At a recent meeting in the Midlands, she told how, earlier this year, a student was beaten up by his classmates in a classroom in front of a teacher, with no action taken against the perpetrators. His crime? Refusing to give up his Christian faith and adopt Islam. She tells tales of the way in which she and other Christian students were sexually harassed by Muslim boys on their way to university because, unlike Muslim girls, they had to share public transport with the boys.
Even more chillingly, she reports how Palestinian Christian businessmen were murdered because they refused to pay the protection money demanded by what she described as the ‘Palestinian mafia’.
Though disturbing, the testimony of people like this young woman and journalist Khaled Abu Toameh is refreshing because it breaks a conspiracy of silence which has gone on for years. Many Palestinian Christians have claimed that their relations with their Muslim neighbours are nothing but cordial; that they are Palestinians first and foremost, united against their common (Jewish) foe. Yet the steady exodus of Palestinians from territories that are under the day-to-day control of other Palestinians suggests that something else is going on.

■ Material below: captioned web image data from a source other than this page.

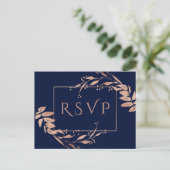 Carte postale RSVP Marine Blue Rose Gold Foliage W (Debout devant)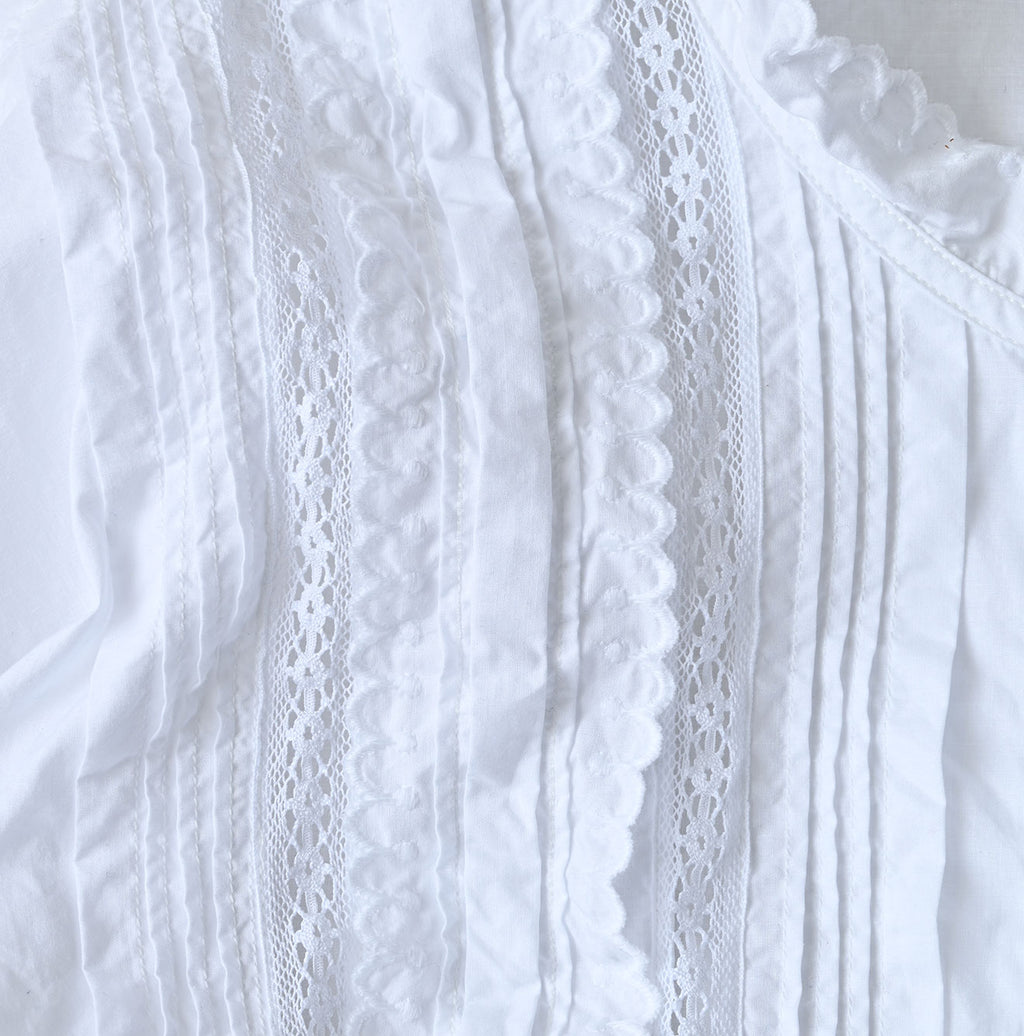 Supima Batiste Cutwork Blouse Detail
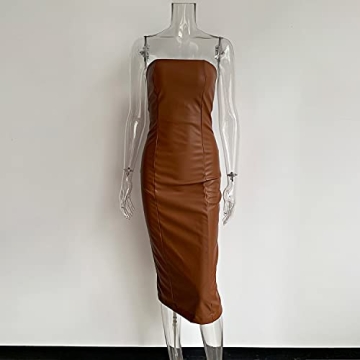 XLLAIS Sexy Strapless Tube Leather Midi Dress for Parties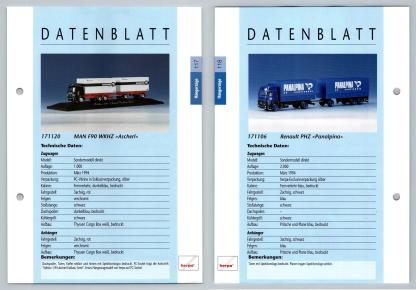 MAN F90 WKHZ / Renault PHZ #117/8 Hangerzuge - Herpa Data Sheet-Breakoutcards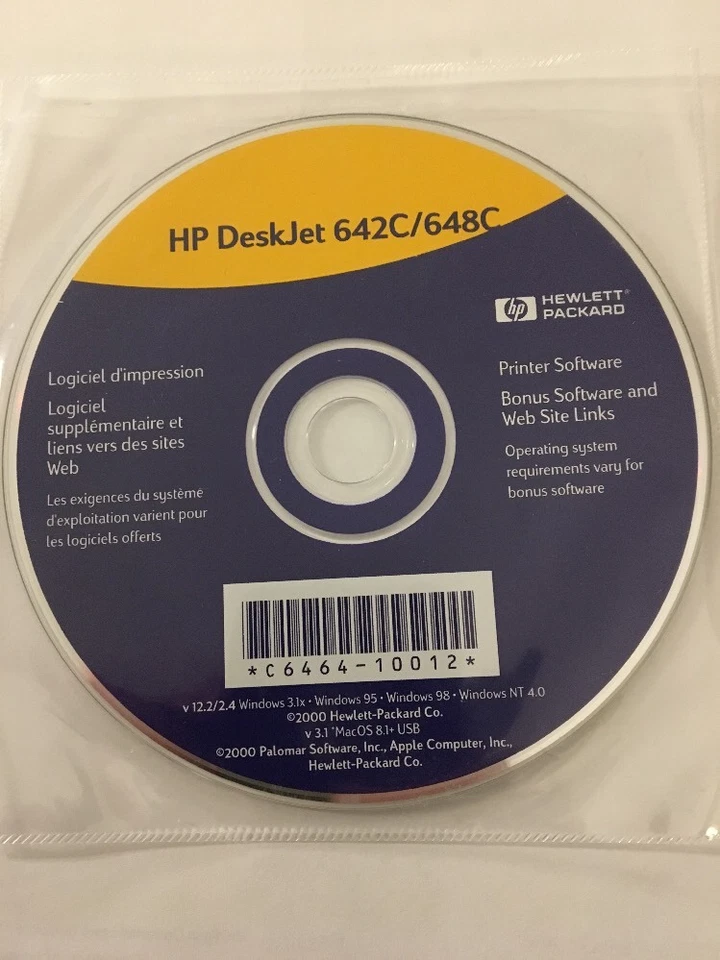 HP Deskjet 642C/648C WINDOWS 3.1x,95,98,NT 4.0,v 3.1 Mac OS 8.1&USB CD COMP SOFT - Image 3 of 4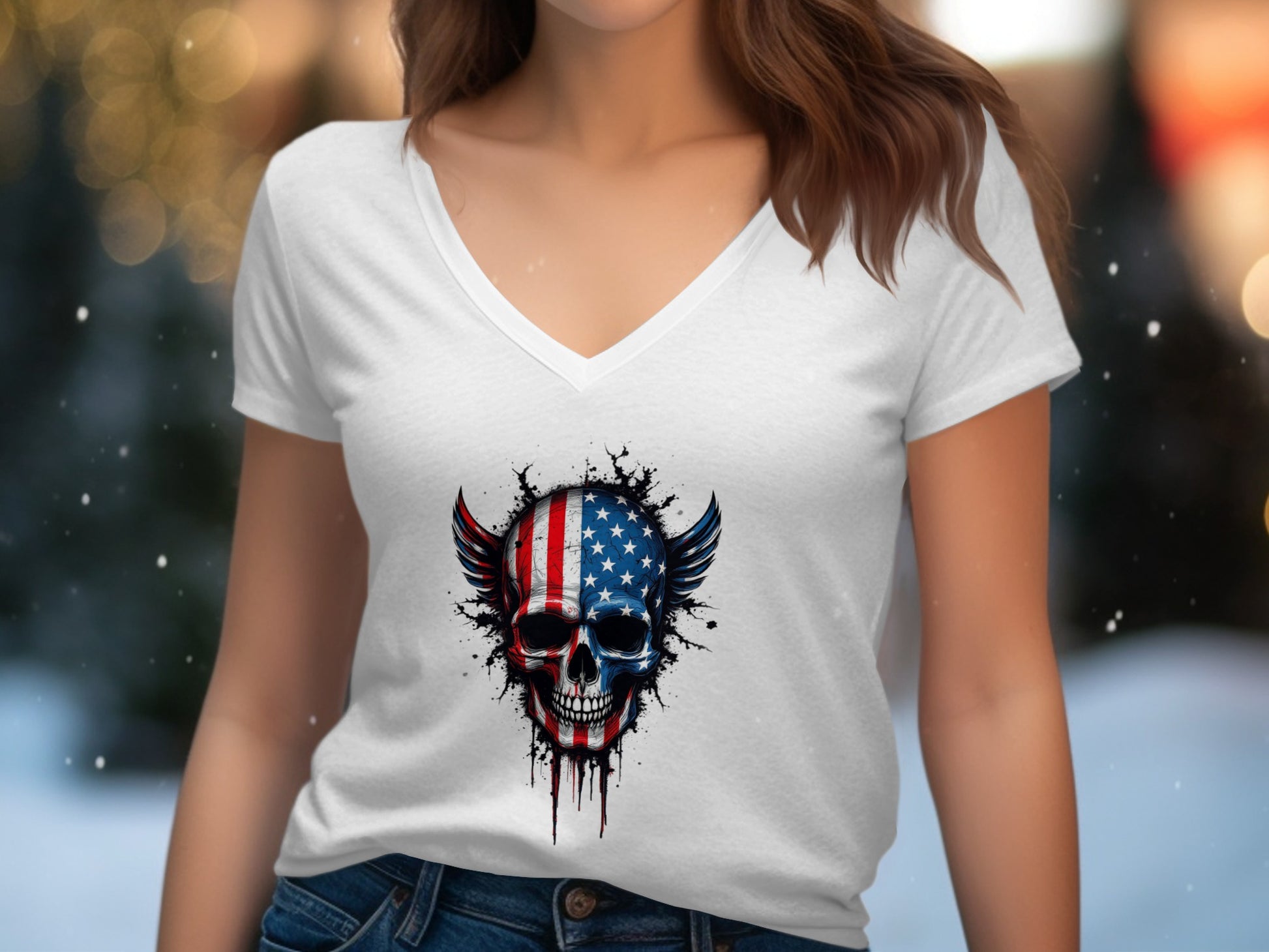 American Flag Skull Graphic Women's T-Shirt product type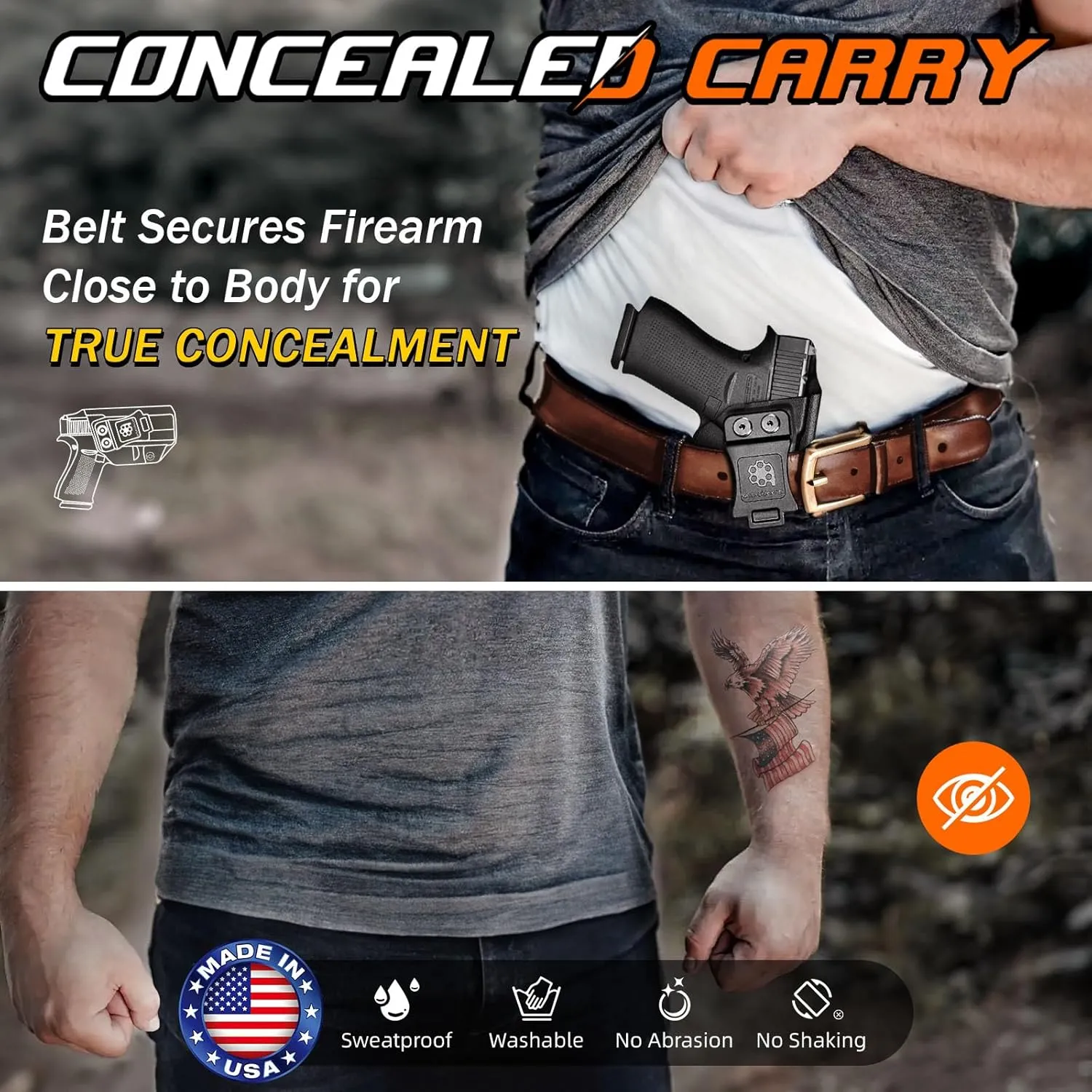 HK VP9 Holster IWB Kydex Holster Fit: Heckler & Koch (H&K) VP9 Pistol – Inside Waistband Concealed Carry – Adjustable Cant & 'Posi-Click' Retention – No Wear - No Jitter - USA Made by Amberide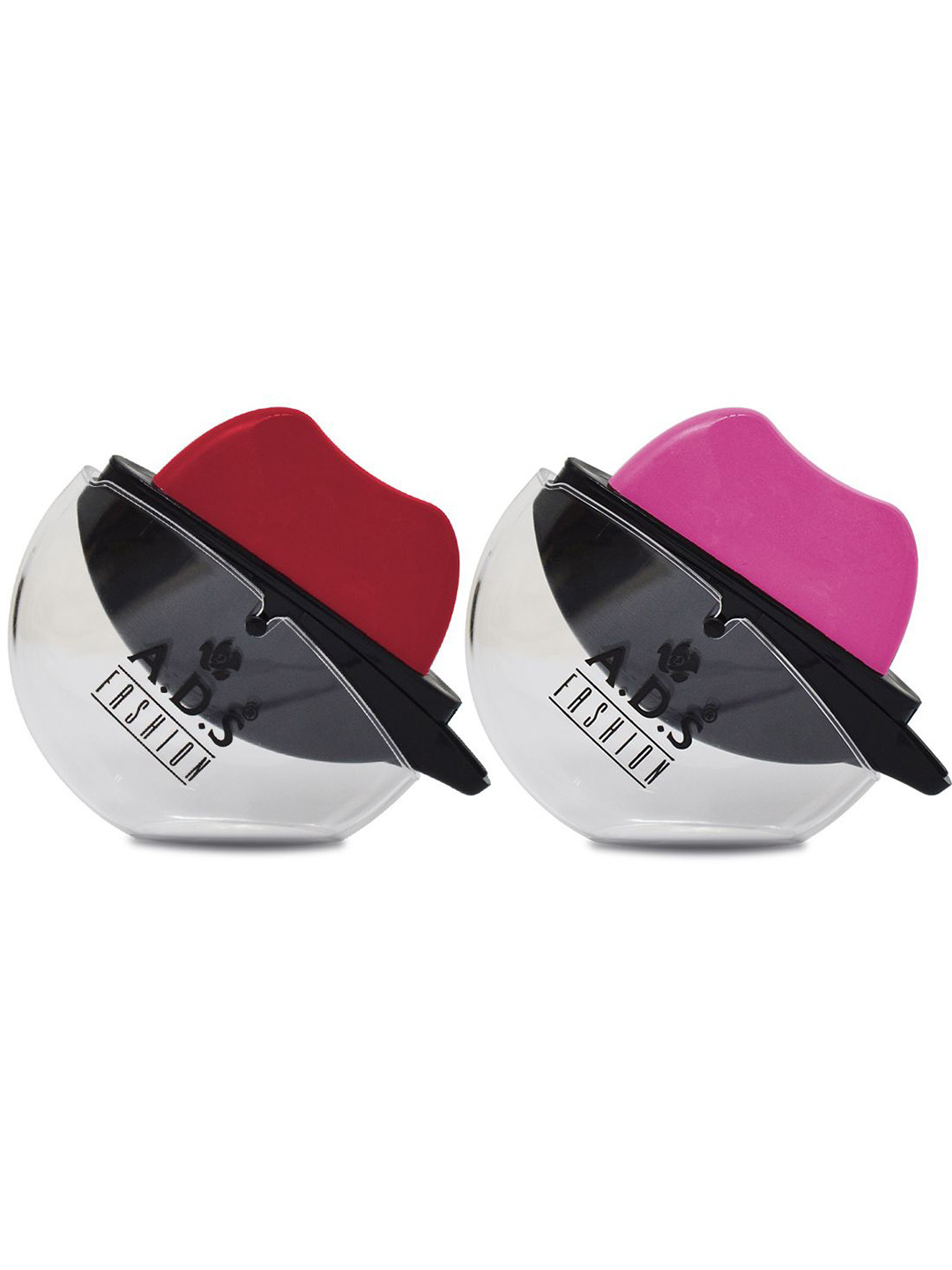 A.D.S Set Of 2 Lip Shape Apple Design Lipstick 10gm Each - Pink & Red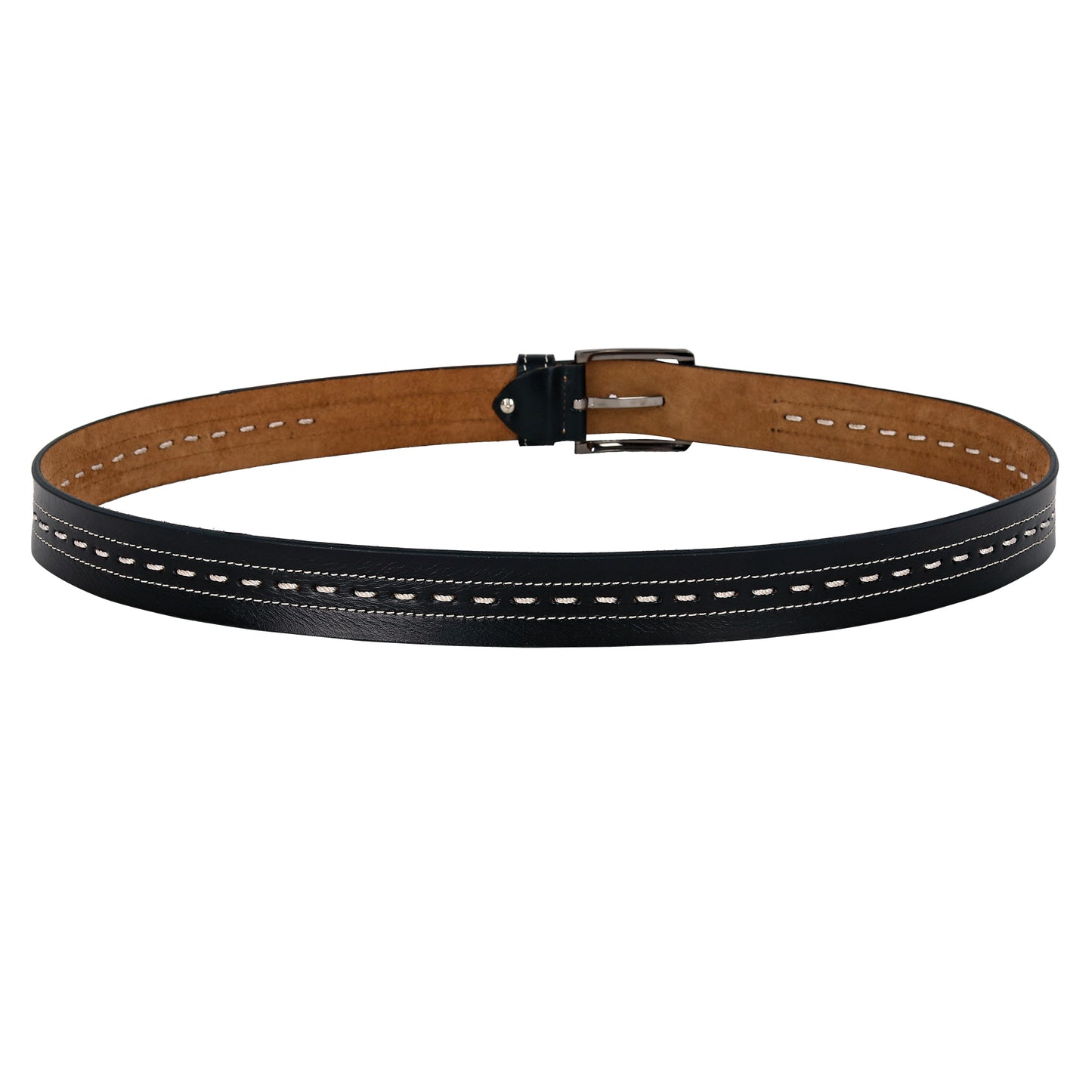 Leather World Pin Lock Buckle Genuine Leather Formal Casual Black Belt For Men Elegant Gift Box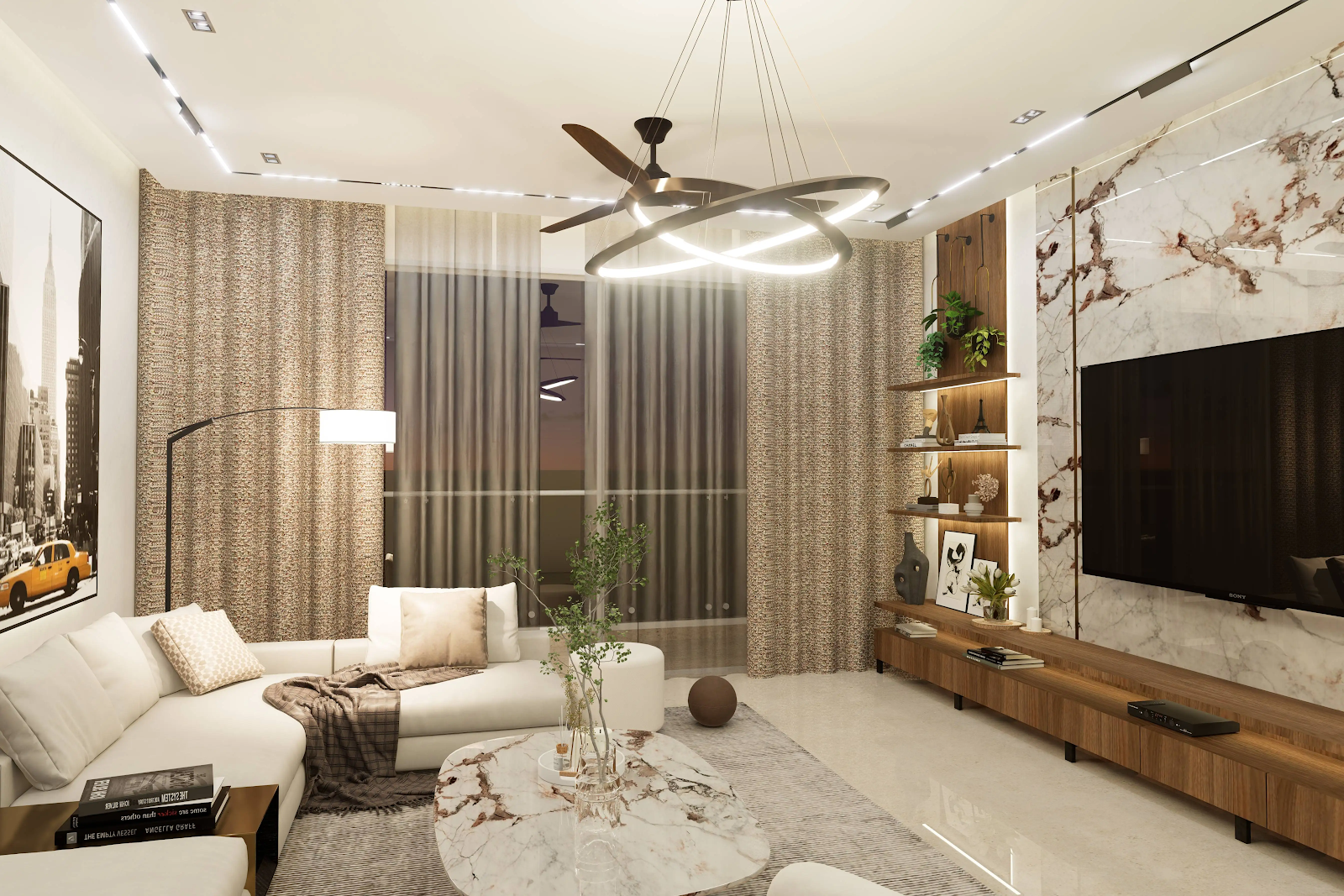 Render of a living room with a full-height marble slab TV wall, a floating wood TV console with backlit open shelving, a white L-shaped sofa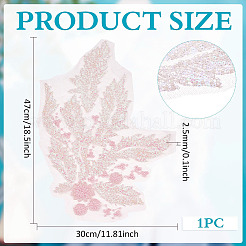 1Pc Polyester with Glass Embroidery Ornament Accessories&nbsp;DIY-PH0031-82B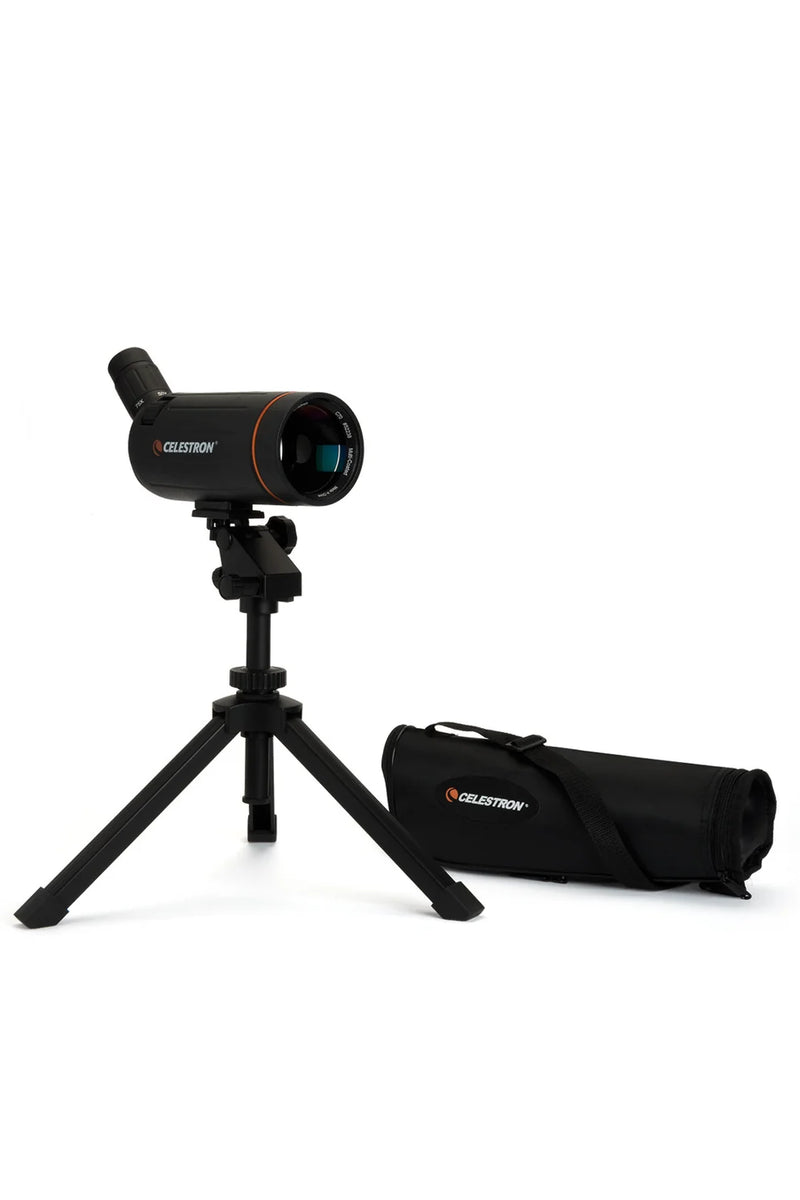 Celestron C70 Mini Maksutov Cassegrain spotting scope with compact design and adjustable eyepiece, ideal for terrestrial and astronomical viewing.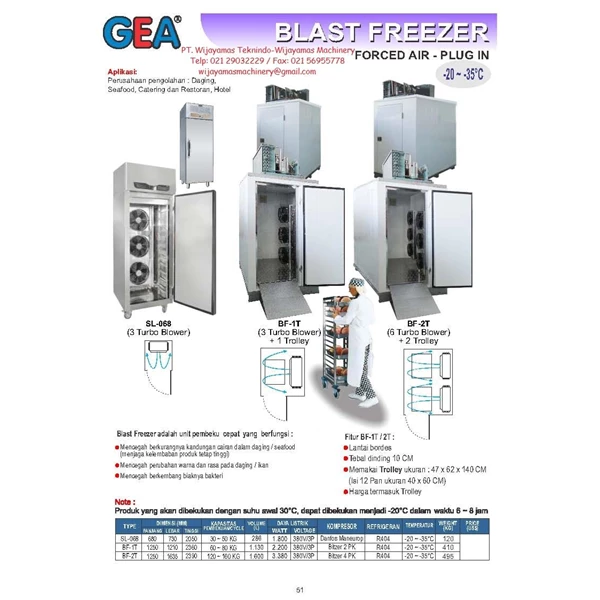Blast Freezer  SL-068 - BF-1T - BF-2T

Why Christian Palestinian leaders are unwilling to admit in public what they certainly acknowledge in private is unclear: fear of reprisals from their government, neighbours and even family must have some bearing on the situation. Nevertheless, this is a disaster for Christianity in the Palestinian Territories. As Abu Toameh comments: "By not talking openly about the problem, the Christian leaders are encouraging the perpetrators to continue their harassment and assaults against Christian families."
Nevertheless, Hamas’s action cannot be misunderstood by anyone. Respect for the views and culture of minorities such as Gaza’s Christians has no place in their thinking. Perhaps this is why it was reported by West Bank Christians and by Abu Toameh that 'Out of the 600 Christians from the Gaza Strip who arrived in the West Bank in the past two weeks to celebrate Christmas, dozens have asked to move to Israel because they no longer feel comfortable living under the Palestinian Authority and Hamas.’
It is time for the churches in the West to stop fooling themselves and their congregations into believing that the horrifying reduction in numbers of Christians in the Middle East is somehow the fault of the Jewish State. The future for Christianity in the land of its birth is grim indeed as long as Western Christians avoid holding Palestinian leaders responsible for what happens to Palestinian Christians on their watch.